L’assemblée générale du 14 septembre 2020 convoquée par la société Cabinet [O] [S] Immobilier n’ayant pas pouvoir de le faire est donc nulle en son entier.
Il convient par conséquent de prononcer la nullité en son intégralité de l’assemblée générale des copropriétaires de l’immeuble dénommé Les Lobelias du 14 septembre 2020 sans qu’il soit nécessaire d’examiner les autres moyens invoqués à l’appui du recours.
Sur les demandes accessoires
Aucune circonstance ne justifie d’écarter l’exécution provisoire de droit de la présente décision.
Partie perdante au procès, le syndicat des copropriétaires de l’immeuble dénommé « Les Lobelias » sera condamné aux dépens.

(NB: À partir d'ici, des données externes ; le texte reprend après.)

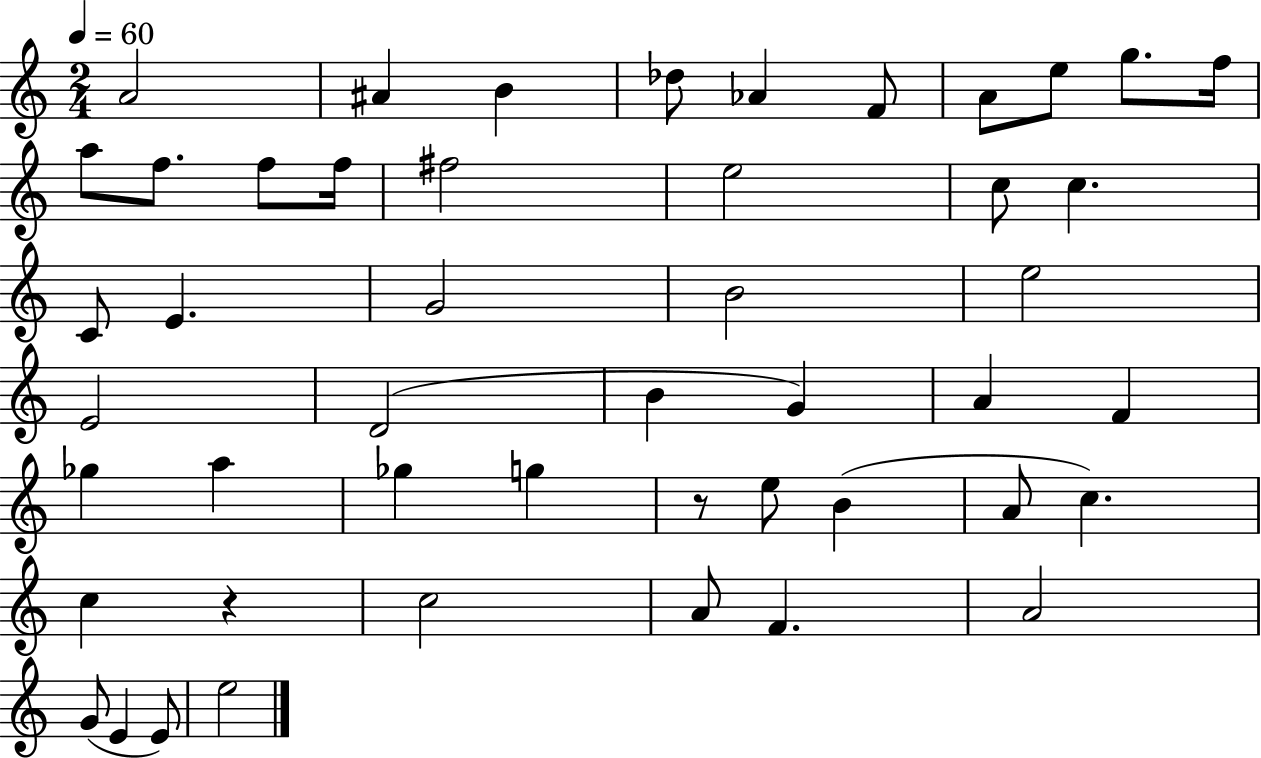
X:1
T:Untitled
M:2/4
L:1/4
K:C
A2 ^A B _d/2 _A F/2 A/2 e/2 g/2 f/4 a/2 f/2 f/2 f/4 ^f2 e2 c/2 c C/2 E G2 B2 e2 E2 D2 B G A F _g a _g g z/2 e/2 B A/2 c c z c2 A/2 F A2 G/2 E E/2 e2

Il sera rappelé que, conformément à l’article 10-1 de la loi du 10 juillet 1965, M. [K] [H], pris en sa qualité d’ayant-droit d'[V] [H], sera dispensé de toute participation à la dépense commune des frais de procédure.

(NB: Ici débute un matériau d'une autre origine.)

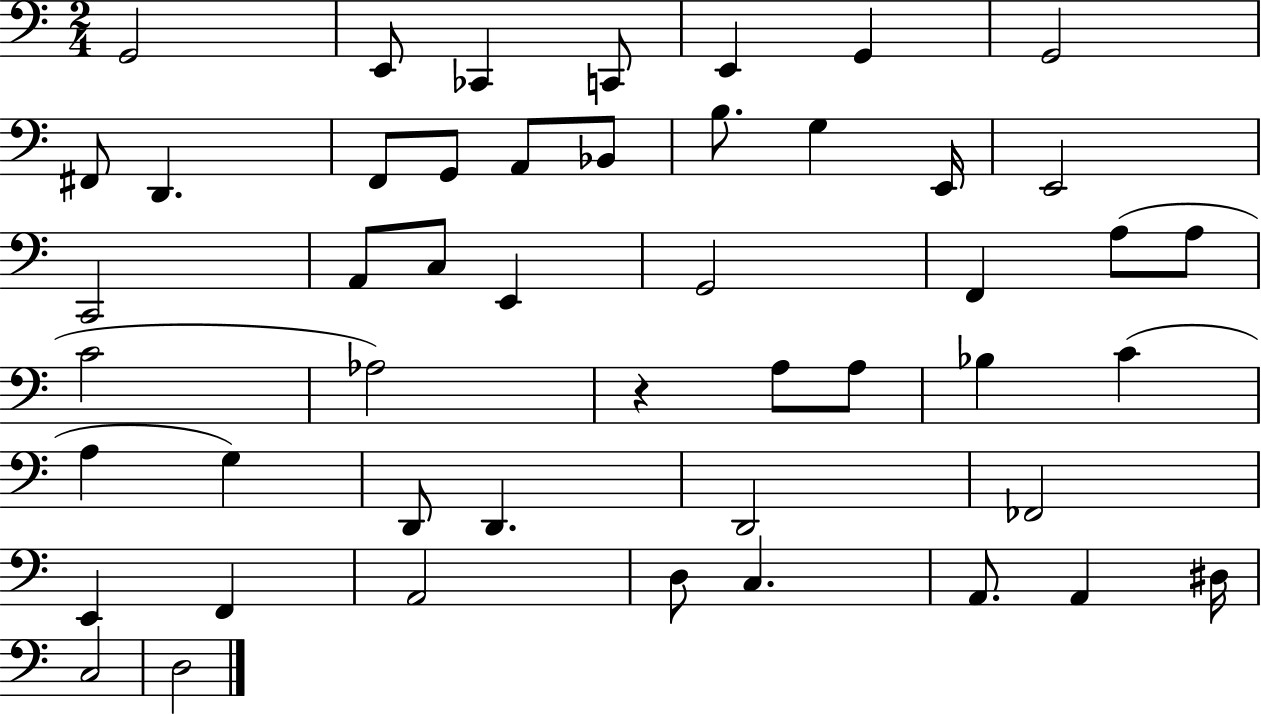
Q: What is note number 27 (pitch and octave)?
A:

L’équité ne commande pas en revanche de faire application de l’article 700 du code de procédure civile de sorte que M. [K] [H], pris en sa qualité d’ayant-droit d'[V] [H], sera débouté de sa demande formée de ce chef.
PAR CES MOTIFS
Le tribunal, statuant après débats publics, par jugement contradictoire mis à disposition au greffe et rendu en premier ressort,
DECLARE recevables les demandes de M. [K] [H], pris en sa qualité d’ayant-droit de [V] [H] ;
PRONONCE la nullité de l’assemblée générale des copropriétaires de l’immeuble situé [Adresse 7] du 14 septembre 2020 dans son intégralité ;
DIT n’y avoir lieu à condamnation sur le fondement de l’article 700 du code de procédure civile et déboute M. [K] [H], pris en sa qualité d’ayant-droit de [V] [H], de sa demande formée de ce chef ;
DEBOUTE le syndicat des copropriétaires de l’immeuble dénommé « Les Lobelias » situé [Adresse 7] de toutes ses demandes ;
CONDAMNE le syndicat des copropriétaires de l’immeuble dénommé « Les Lobelias » situé [Adresse 7] aux dépens ;
RAPPELLE que, conformément à l’article 10-1 de la loi du 10 juillet 1965, M. [K] [H], pris en sa qualité d’ayant-droit de [V] [H], sera dispensé de toute participation à la dépense commune des frais de procédure ;
Le présent jugement a été signé par le Président et le Greffier.